Parece-me criticável esta exigência, pois o respeito pelos sentimentos religiosos de outrem justifica, por si só, a punição e não deveria fazer-se a distinção entre os casos que podem afectar a paz pública (como é, inequivocamente, aquele a que estamos a assistir) e os que não a afectam, porventura porque dizem respeito a uma comunidade religiosa pacífica ou de reduzida expressão numérica. No caso em apreço, as expressões de solidariedade de vários responsáveis políticos para com os muçulmanos ofendidos nos seus sentimentos deveria ter sido anterior, e não posterior, às manifestações de violência e de perturbação da paz pública. (...)
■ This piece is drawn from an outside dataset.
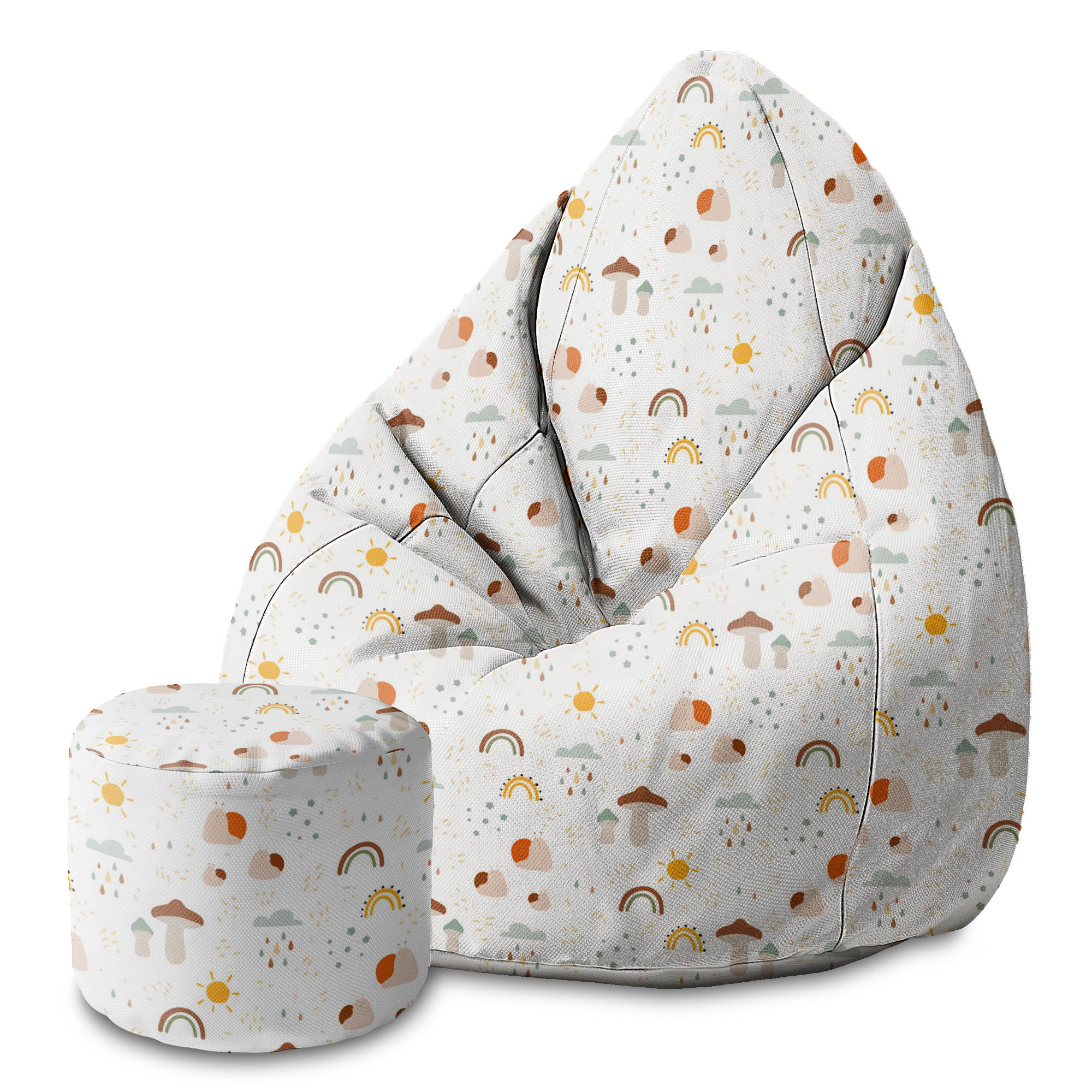 Runder Hocker Fußhocker Autumn Mushroom-Oxford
Há que distinguir a crítica, típica de sociedades tolerantes, da ofensa e do ultraje, que são uma clara expressão de intolerância.
Podem, pois, os muçulmanos reclamar o respeito que lhes é devido nas sociedades livres e democráticas. Terão de fazê-lo, porém, na observância do quadro legal dessas sociedades, que separa o Estado e a sociedade civil (por isso, não pode um Estado ser responsabilizado pelo que é publicado num jornal), assim como separa o poder executivo e o poder judicial (sendo que é só a este que cabe dirimir este tipo de conflitos). E, sobretudo, que não permitem que a religião possa ser pretexto para manifestações de violência.
(...) Para evitar que, a partir de situações como esta, se desencadeie um conflito de civilizações, devem as sociedades democráticas ocidentais atender aos limites da liberdade de expressão e ao respeito devido aos sentimentos religiosos das pessoas. Mas, por outro lado, devem os responsáveis muçulmanos afirmar com vigor que é abusivo invocar o Islão como justificação para a violência.